Surveys of purchasing managers in the services sector returned even more improved results, with both German and French services sectors continuing to expand. Momentum in the Frech sector gathered pace in August and although it wained in Germany, both saw services output growth rather than contract. 

"Small wins should be celebrated. A small uptick in eurozone's August PMIs from 51.5 to 51.8 is somewhat a relief today as analysts had expected a further slide. If nothing else, at least it indicates that the economy is unlikely to have slipped into negative growth halfway through the third quarter," says Bert Colijn, an economist at ING

The French and German economies account for around half of Eurozone output so when figures from one or the other strengthen it tends to bode well for the wider bloc, which has been under pressure in recent months due to damage from the U.S. trade war with China and uncertainty over the Brexit process. 

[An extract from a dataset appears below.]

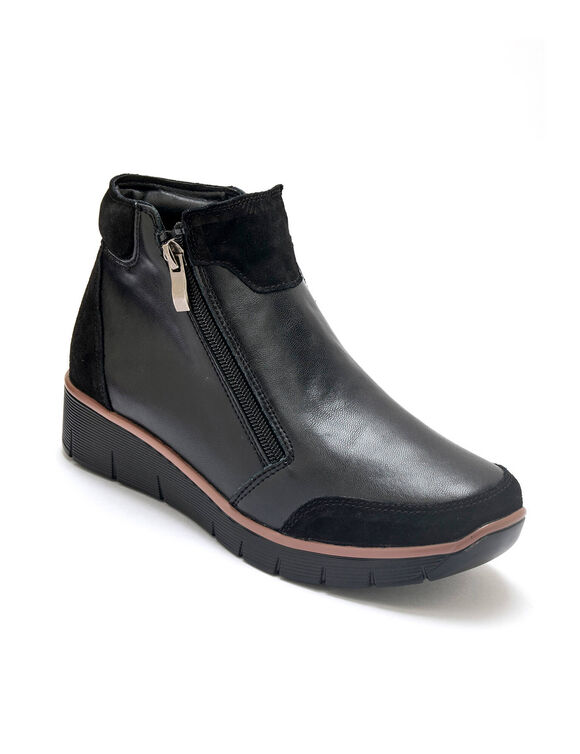 Boots compensées zippées en cuir et croûte de cuir (noir)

Europe's single currency spiked in response to the figures, which suggest the Eurozone downturn moderated this month. But economists say they still leave the bloc growing at a "feeble" pace and are unlikely to deter the European Central Bank from providing stimulus to the economy next month. Minutes from the ECB's July policy meeting subsequently confirmed as much on Thursday, leading the Euro's gains to quickly melt away.

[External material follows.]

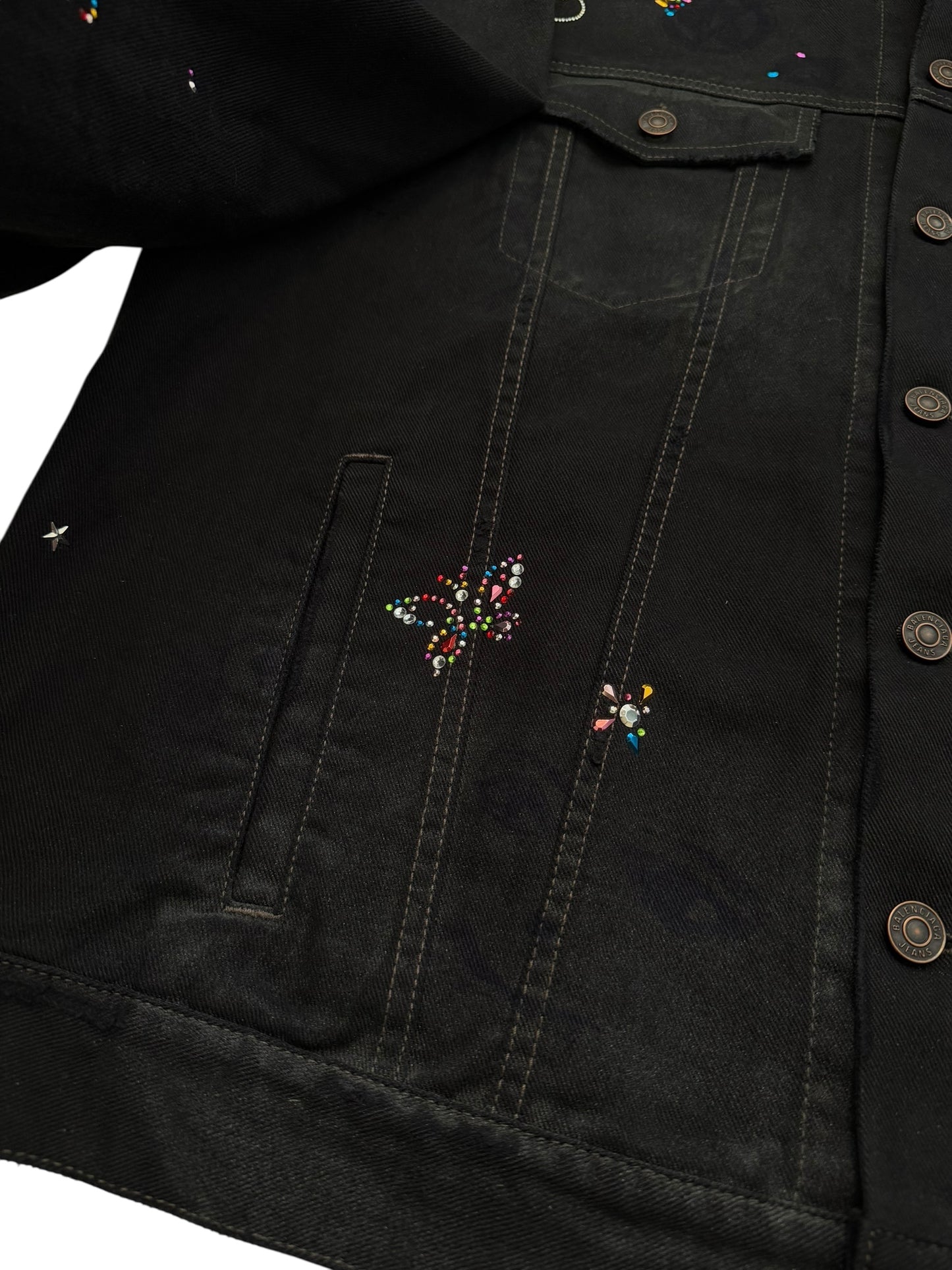 2022 Bedazzled Graffiti Doodle Distressed Denim Trucker Jacket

"The small rise in the euro-zone Composite PMI in August still leaves it consistent with feeble GDP growth this quarter," says Melanie Debono at Capital Economics. "We still expect the ECB to cut its deposit rate by 10bps in September and to announce a fresh round of QE in October, but the chance that it will announce both measures in September has risen."

Above: Euro-to-Dollar rate shown at hourly intervals, alongside EUR/GBP rate (orange line, left axis).

"The rebound in the Euro-area PMIs was mildly positive news, but the details remain worrying. The Euro-area economy is too weak to generate meaningful inflation pressures, which means the ECB needs to do more," says Jan von Gerich, an economist at Nordea Markets. 

Expectations of monetary support from the ECB have mounted in recent months as the outlook for the Eurozone economy has gotten "worse and worse", in the words of ECB president Mario Draghi, which is undermining an already-insufficient inflation pulse across the block.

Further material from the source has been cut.